Reading some of the recent articles on Nepal, I was faced with an almost philosophical question: What if the ‘transition’ from the ‘old’ to a ‘new’ Nepal wasn’t really a process, but a convenient discursive construction to keep people motivated and hide the fact that many of the Kathmandu-based elite still don’t have a ‘vision’ for Nepal? Or maybe there is no ‘vision’ at all in the 21st century if your country is lodged between India and China and exposed to global development models?

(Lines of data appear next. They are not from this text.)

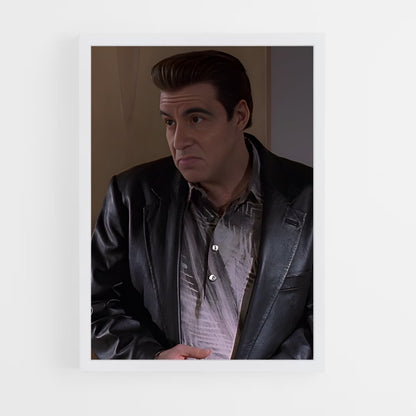 ap-silvio dante-2 cadre Blanc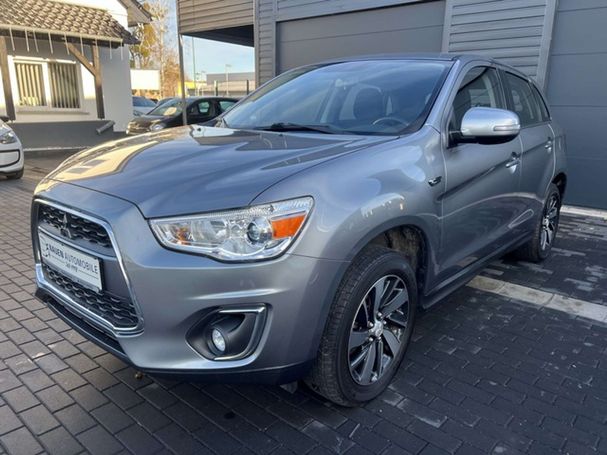 Mitsubishi ASX 2WD 86 kW image number 1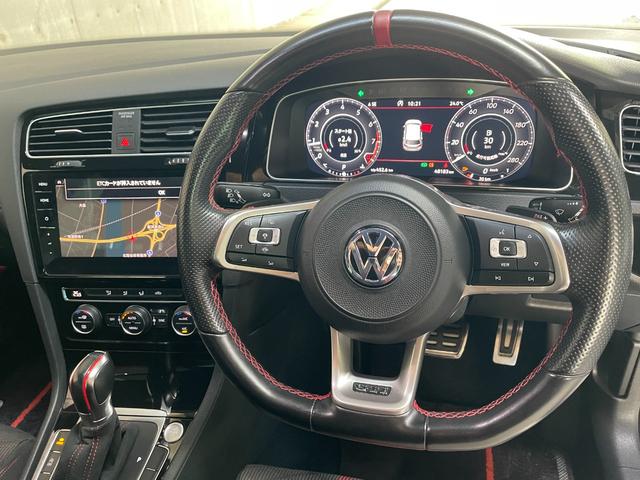 2019 Volkswagen Golf GTI TCR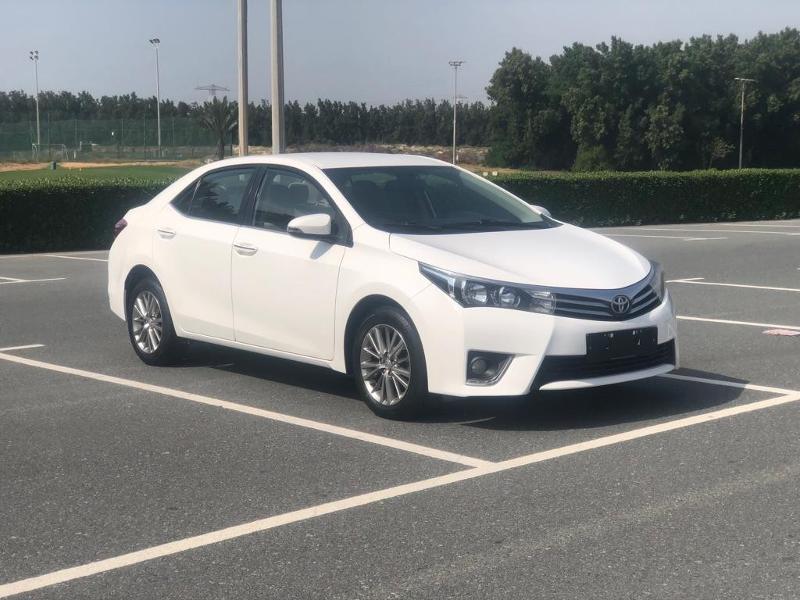 Toyota Corolla 2014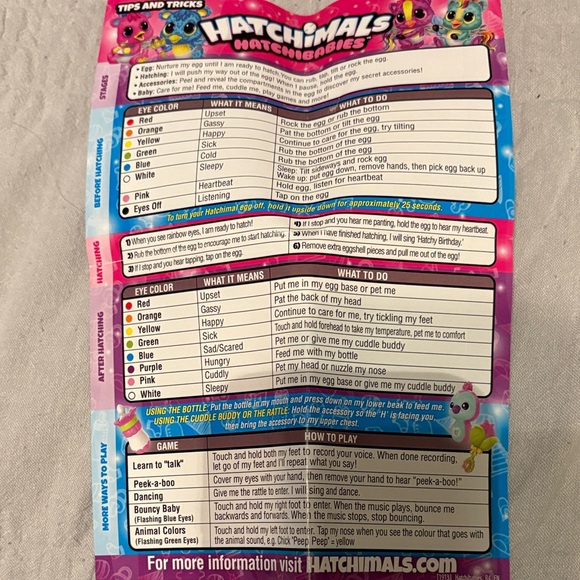 Hatchimals Set - Picture 2 of 2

I have come across three articles recently that capture the current challenges quite well in their different ways. Seymon Brown and Vanda Felbab-Brown wrote a piece for the NYT (Nepal, on the Brink ofCollapse) and according to most observers gave a somewhat accurate description of the current situation, even if some claims about the risks of a ‘failed state’ may be a bit alarmist. Sara Shneiderman and Mark Turin’s letter to the NYT was a helpful qualification and addition:
Still, Nepal has made substantial progress in its democratic transition, which began only in 1990 and is unlikely to end now. Accomplishments include the creation of a genuinely open public sphere, in which all citizens can engage in wide-ranging debate; unprecedented political participation from previously marginalized groups; and the agreement on demobilization and integration of Maoist combatants into the Nepal Army.’

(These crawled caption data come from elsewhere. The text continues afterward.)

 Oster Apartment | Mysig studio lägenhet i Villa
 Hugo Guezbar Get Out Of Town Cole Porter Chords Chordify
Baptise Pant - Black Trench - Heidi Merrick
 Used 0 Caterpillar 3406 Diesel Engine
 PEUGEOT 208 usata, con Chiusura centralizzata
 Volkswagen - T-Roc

But in the end, I find it difficult not to get cynical when reading about the Constituent Assembly. Drafting a constitution is not rocket science, other countries have managed that task, too, and Nepal is not that different or special. A good constitution pretty much fits on a cocktail napkin and then other laws and political institutions need to fill the spirit of that constitution with life. I am not close to the ground enough to be able to judge how much ‘bottom-up’ driven these processes really are, but I think that the concept of ‘federalism’ is often used as a panacea that no matter what the final outcome will be it will ultimately fall short, as the Browns write:
However, instead of unifying the country, constitution-drafting has become a frenzied contest to secure special privileges for one’s own community’.

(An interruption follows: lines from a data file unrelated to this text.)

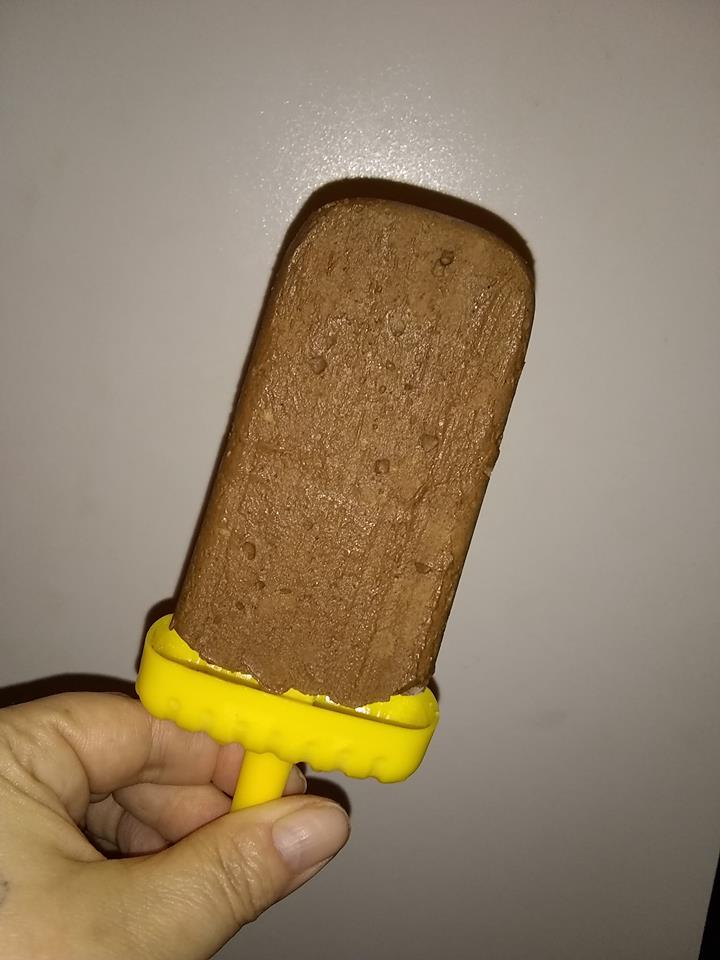 So Good Fudge Pops (with Avocado!)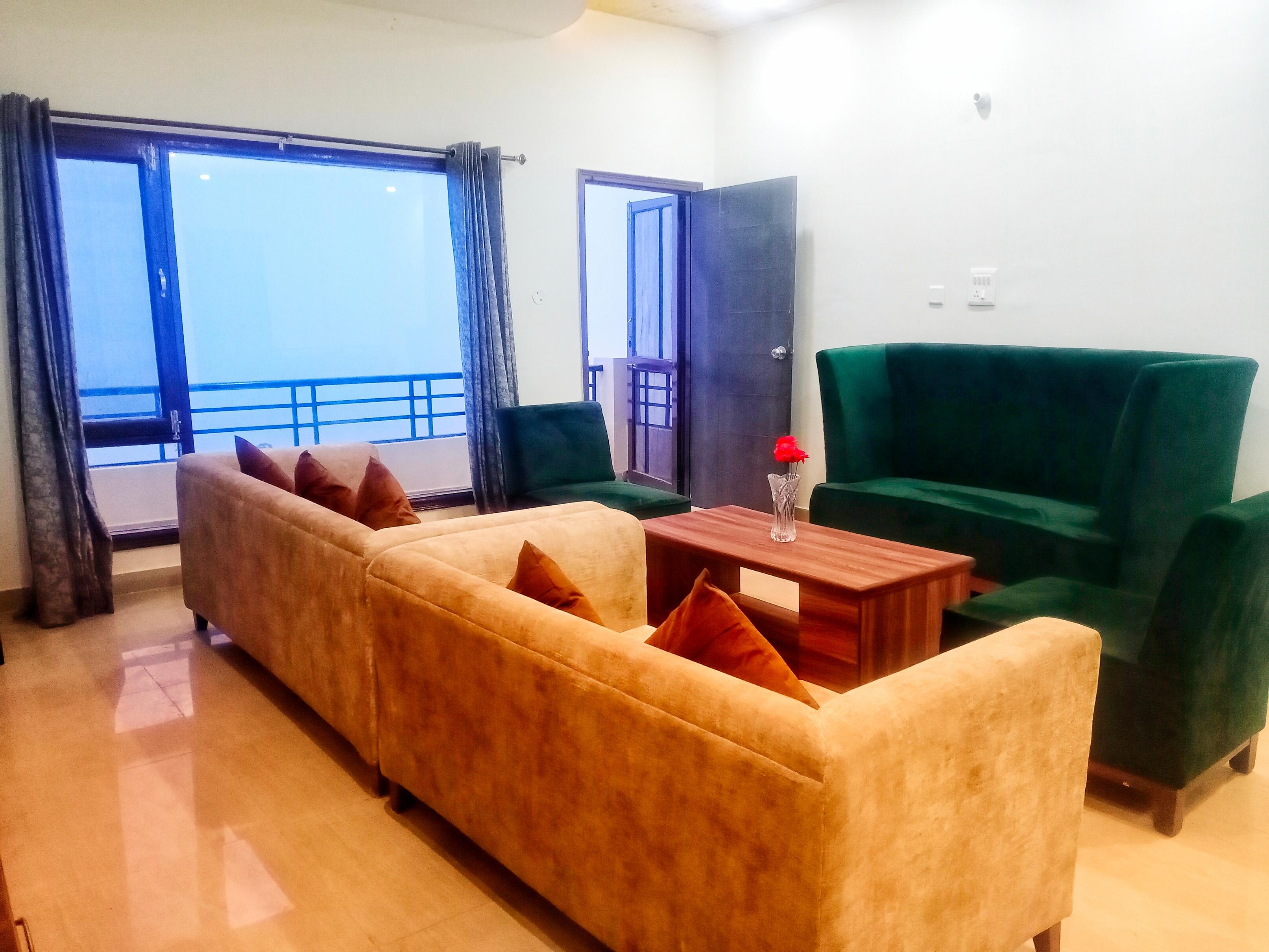 Kasauli Nature Vault | Entire Apartment - Tap to explore photos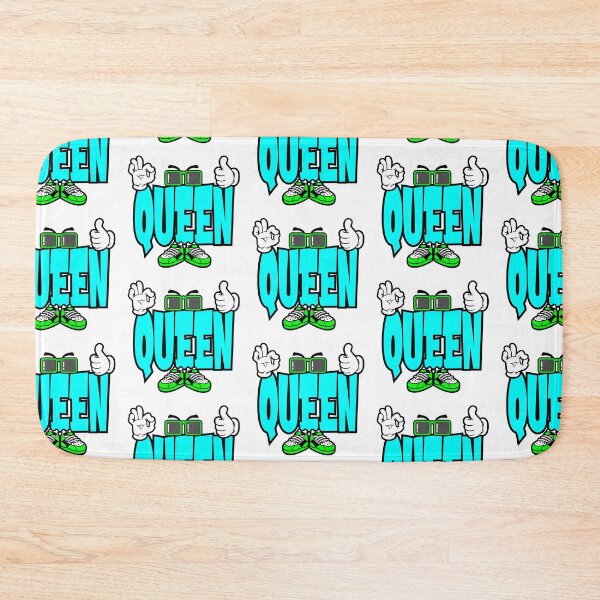 Item preview, Queen  - UNIVERSAL Design Character Bold Retro designed and sold by NFTWords.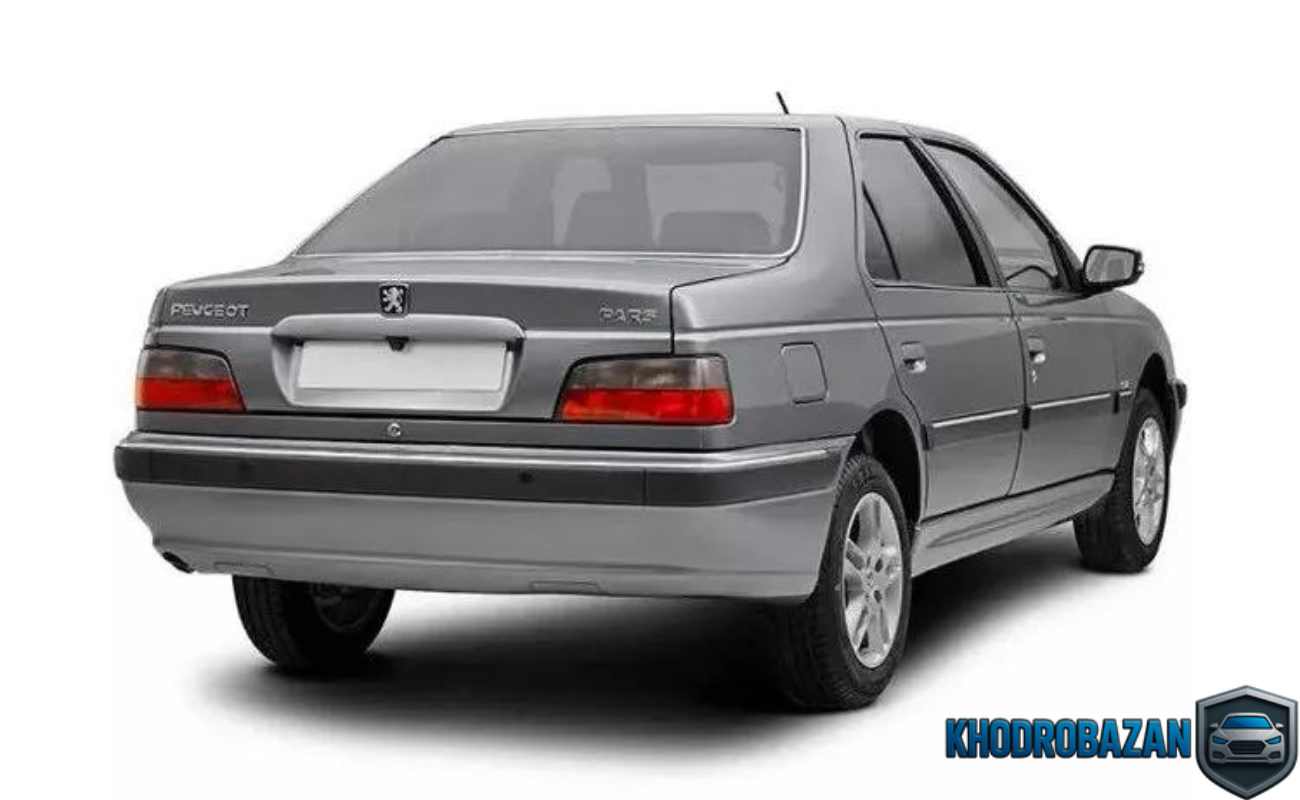 تجربه رانندگی و نقاط قوت و ضعف پژو پارس xu7p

Federalism works best if there are different resources that need to be (re-)distributed and a social, economic and political consensus exists that the system is operating relatively fair and transparent and for the benefit of the whole country. Right now, most resources are Kathmandu-based and there will be a long struggle about who gets how much out of the main cake. Compromises between geographical regions, ethnic groups or other factors are imperative and I don’t think most groups are prepared for this as they struggle to prove their legitimacy and claims to the federal budget. And amongst all these debates, some of which have been going on for all of the six years since the end of the conflict, China is pursuing its model of ‘development’ in a similar way as it does in Africa. The BBC article (New roads bring change and danger to Nepal)
is just one reminder that while the Kathmandu- and international donor elites are talking, China is doing-for better or for worse. China’s influence on rural Nepal will become bigger than many Western donor effort and it may catch some of the primarily Kathmandu-based talking circles by surprise during their federalism workshops, peacebuilding conferences and marketing assessments on how Nepal should have another ‘year of tourism’.

Finally, I read an interesting piece in Republica by Pradeep Raj Giri (I haven't found a link yet and has to rely on a scan of the article) and I was startled by the first sentence:
‘Our country is in a state where everybody is eager to see the direction it takes’.
Well, to be honest this sounds very 2006/7-ish to me. In many ways, Nepal has been taken a direction already by deciding to ‘wait’ for a better future.
What those three stories indicate to me is that while there is a lot of soul searching going on about the ‘future direction’ of Nepal, the future is actually happening right now. It will be difficult for Nepal to carve out a place between Chinese, Indian and Western models of ‘development’ which are not that different in their foundations of economic growth, resource use and more consumption – all of which is happening in Nepal while some members of the elite cling to their power dreaming about a Himalayan Switzerland that is unlikely to happen.

One of my favourite blogs from Nepal by Chandan Sapkota just featured a piece on the changing imports and export and his observations are not very encouraging:
Sophistication of Nepali export basket is very low, Competitiveness of Nepali export items is going down [and] Due to huge remittance inflows, Nepalis are consuming at an alarming rate.
I know that Nepal has a great capacity of ‘muddling through’ and this seems the likeliest path for the country rather than any overly optimistic or pessimistic extremes. Maybe analysts need to read more Lindblom than Weber or Marx...

Update 11 June: I cross-posted my post on the Peace & Collaborative Development Network's site and it has generated some really interesting and critical comments.